LT: Thank you so much for inviting me! I’m really excited to be here with you today.

MT: First of all, what provoked your interest in evangelical influence in American foreign policy?

LT: So I started to do some research into the history of U.S. foreign policy as a grad student and I was working on the issue of détente, so U.S. efforts to relax tensions with the Soviet Union and also rapprochement with China in the 70s. And I saw the expected groups that I thought would be kind of opposed to détente – there were Jewish activist groups that were really concerned about détente, scientists, and assorted others. But I was very surprised to see evangelical opposition to détente. And I said, usually when I think of evangelical engagement on politics, it’s issues related to abortion or prayer in school, you know, hot button social issues. Or if we’re thinking about foreign policy it’s often relations with Israel. But here are American evangelicals engaging on a very different foreign policy topic; I wonder why. I wonder what else they were interested in. And that just led me down this path to explore all the different ways in which evangelicals in the 70s were getting increasingly engaged in foreign policy, to the point where they became at one point a fairly powerful lobby on a range of policy issues, particularly related to religious freedom and trade issues with repressive countries like the Soviet Union and others. So that just opened the door for me. It really started there with a sort of grad school question and surprise that I found in my research, and it led to this larger book project.

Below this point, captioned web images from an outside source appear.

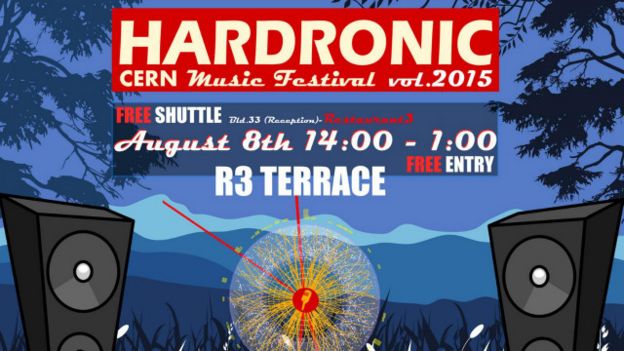 Afiche del Festival de Música del CERN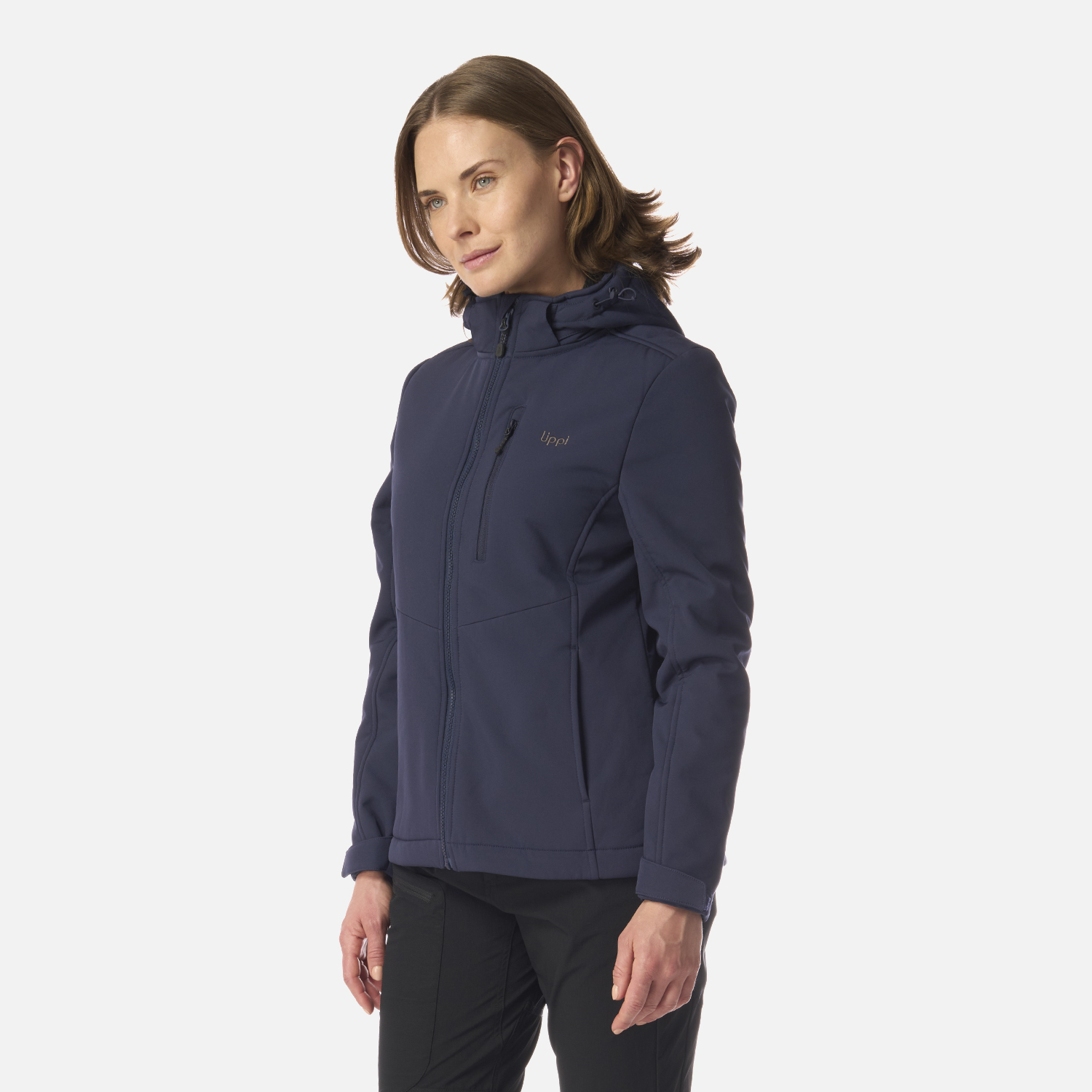 CHAQUETA MUJER MACAYA SOFTSHELL HOODY JACKET AZUL MARINO LIPPI I26 - 2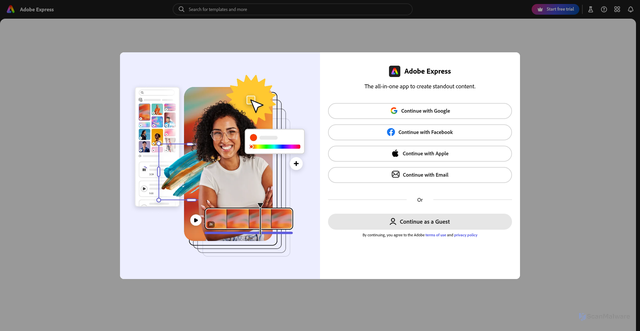 Security scan screenshot of http://new.express.adobe.com/webpage/lcv5FYJUnTKD9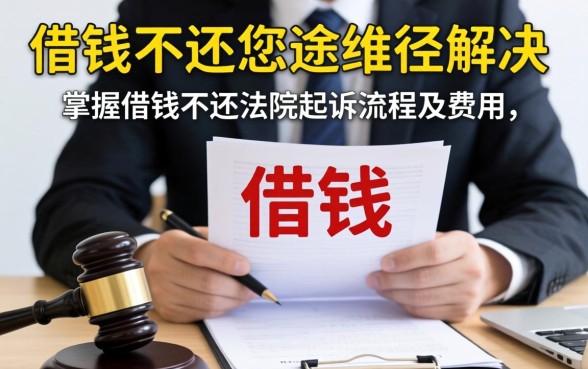 借钱不还法院起诉流程及费用详解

MT: Well that’s fascinating. I’m just old enough to remember those Cold War years and to recall that that was a major under-appreciated incentive for the organizing of the religious right – their concerns over the Soviet Union and over détente, and of course culminating with Reagan’s speech to the National Association of Evangelicals, the famous “Evil empire” speech. Your book traces evangelical influence to the 1960s?

LT: From 1969 up to about 1994, so I’m looking just at that period of time, really focusing in particular on the late 70s and 1980s, but it stretches broadly over the Nixon, through the Reagan, and into the Clinton years.

MT: And who are the major evangelical voices individuals and organizations initially in the 1970s addressing these issues?

LT: So I start by looking at evangelicals involved in the Billy Graham Evangelistic Association, because in the early 70s Billy Graham is very interested in developing greater connections globally, and his organization hosts a very large international conference, the International Congress on World Evangelization, with the goal of spreading the gospel to the entire world and finding ways to make connections with evangelicals in countries in the global south to help do that. And one of the arguments I make in the book is that that engagement, that effort to engage in world evangelism, is one of the reasons why we start to see evangelicals in the United States learning more about what’s happening abroad and feeling concerned about countries where they can’t evangelize freely. So then from that, organizations like the Billy Graham Evangelistic Association and Billy Graham himself – I also look at the National Religious Broadcasters, so thinking about the way that their radio and TV are involved. I also look at the Fellowship Foundation, which is engaged in efforts sort of behind the scenes lobbying efforts we’ll say, but not just in the United States. There’s been some great interesting work by folks like Jeff Sharlet writing about them, but there’s also this international dimension to their work. I talk a bit about some of the groups that were dissidents, former dissidents from the Soviet Union who came to the United States and became really active in advocating for religious freedom in the Soviet Union, people like Georgi Vins.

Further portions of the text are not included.